As shown in the preceding figure, you can see that when a query statement is sent from the client, how the query engine parses the statement, generates an AST, validates the AST, and then generates an execution plan. In this article, I will introduce more about the query engine through the new subgraph feature in NebulaGraph 2.0 and focus on the execution plan generation process, to help you understand the source code better.

Definition of Subgraph

A subgraph of a graph is composed of a subset of the graph's vertices and a subset of its edges. When a starting vertex is given, a traversal starts from it and expands following the specified edge type until all the vertices at the specified number of hops are reached. All the reachable vertices and edges form a subgraph.

Syntax of Subgraph

GET SUBGRAPH [<step_count> STEPS] FROM {<vid>, <vid>...} [IN <edge_type>, <edge_type>...]
[OUT <edge_type>, <edge_type>...] [BOTH <edge_type>, <edge_type>...]

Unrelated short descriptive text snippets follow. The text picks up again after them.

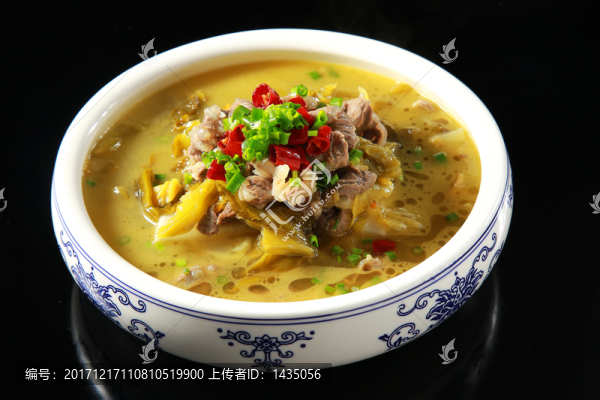 酸菜牛肉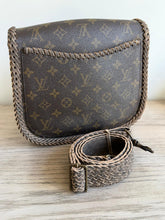 Load image into Gallery viewer, Vintage Saint Cloud large in Crazy Horse leather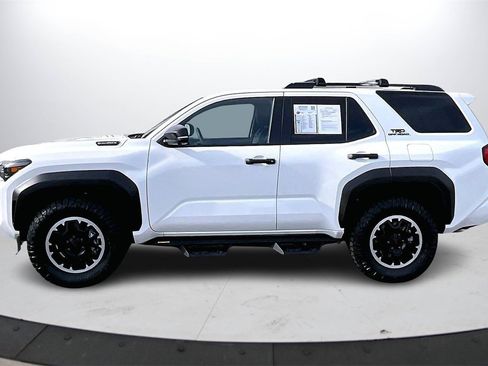 Used 2025 Toyota 4Runner TRD Off-Road Premium image 6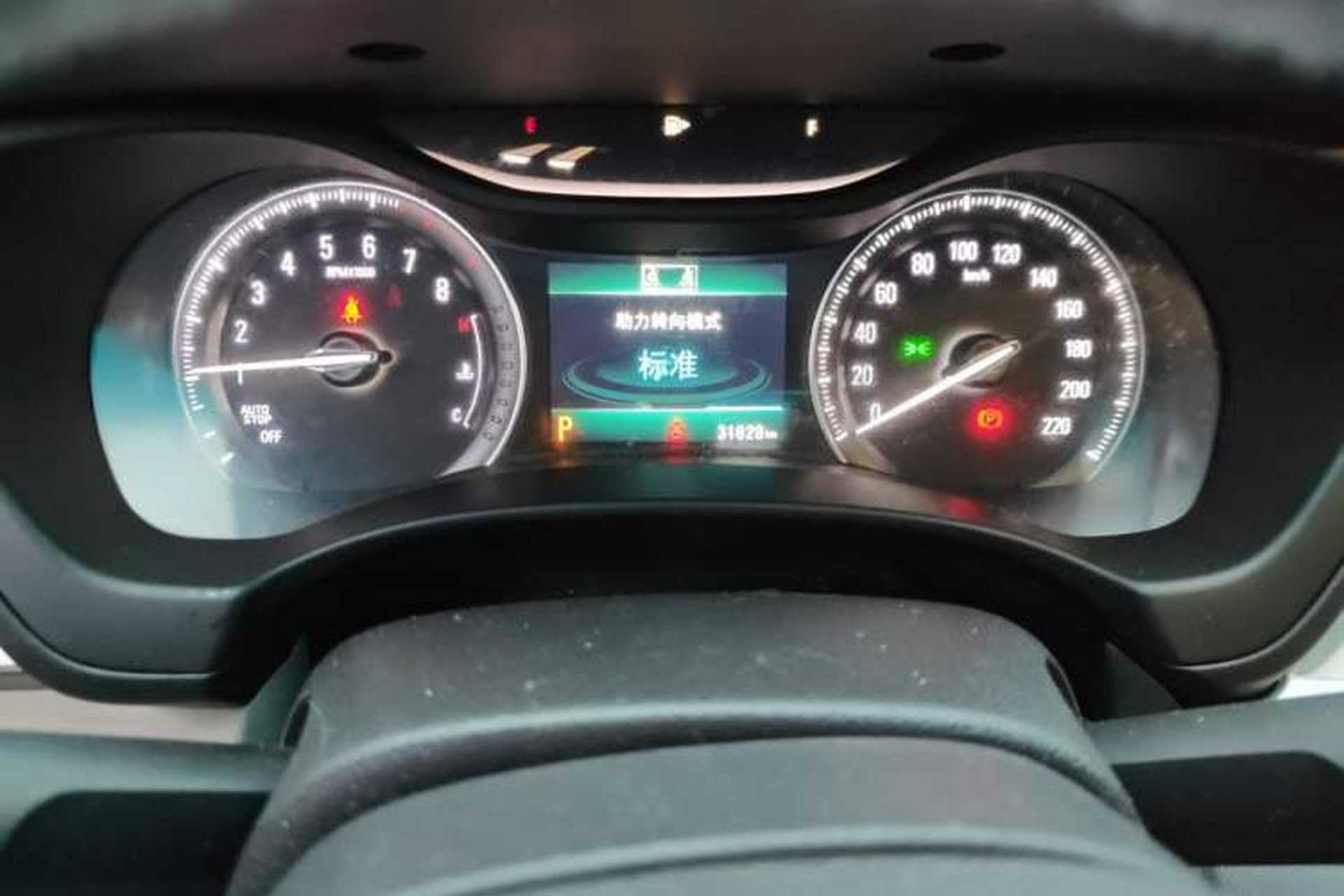 Used Buick GL6 2018 18T 6-Seater Elite Custom Edition Odometer Close Up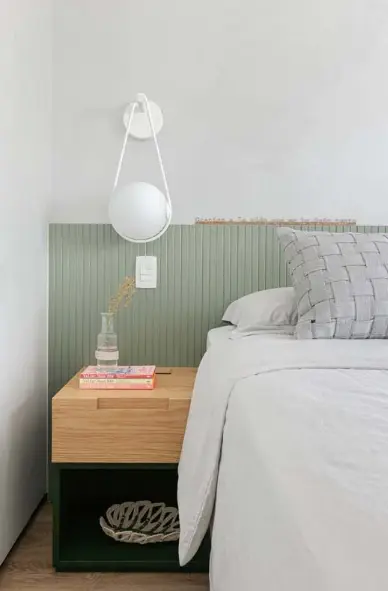Ideias de cabeceira para fazer: Altura da cabeceira pode variar conforme o projeto do quarto – Projeto: Fenda Arquitetura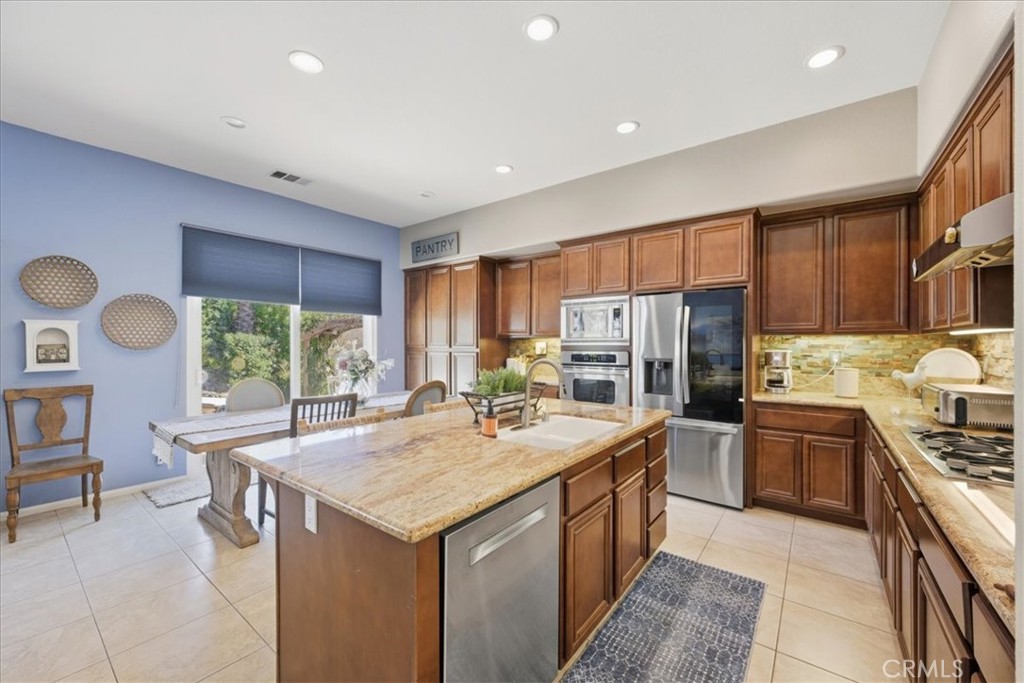 43912 Country Ridge Court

step_count: Specifies the number of hops from the starting vertex to obtain a subgraph consisting of vertices and edges that are reached at 0 to step_count hops. It must be a non-negative integer. The default value is 1.
vid: Specifies the ID of the starting vertex.
edge_type: Specifies the edge type. IN, OUT, and BOTH can be added to specify the direction of the edges from the starting vertex. By default, BOTH is used.

Implementation of Subgraph

When the query engine receives a GET SUBGRAPH statement, the Parser, composed of Flex and Bison, will extract the necessary content from the query statement according to the specified rule, that is, the get_subgraph_sentence rule defined in parser.yy, and then generate an AST, as shown in the following figure.

NebulaGraph Subgraph Implementation

And then in the Validate stage, the generated AST is validated, aiming to make sure that all the inputs from users conform to the syntax rule. For more information, see An Introduction to NebulaGraph 2.0 Query Engine. When the validation is successful, the content of the AST will be extracted and an execution plan will be generated.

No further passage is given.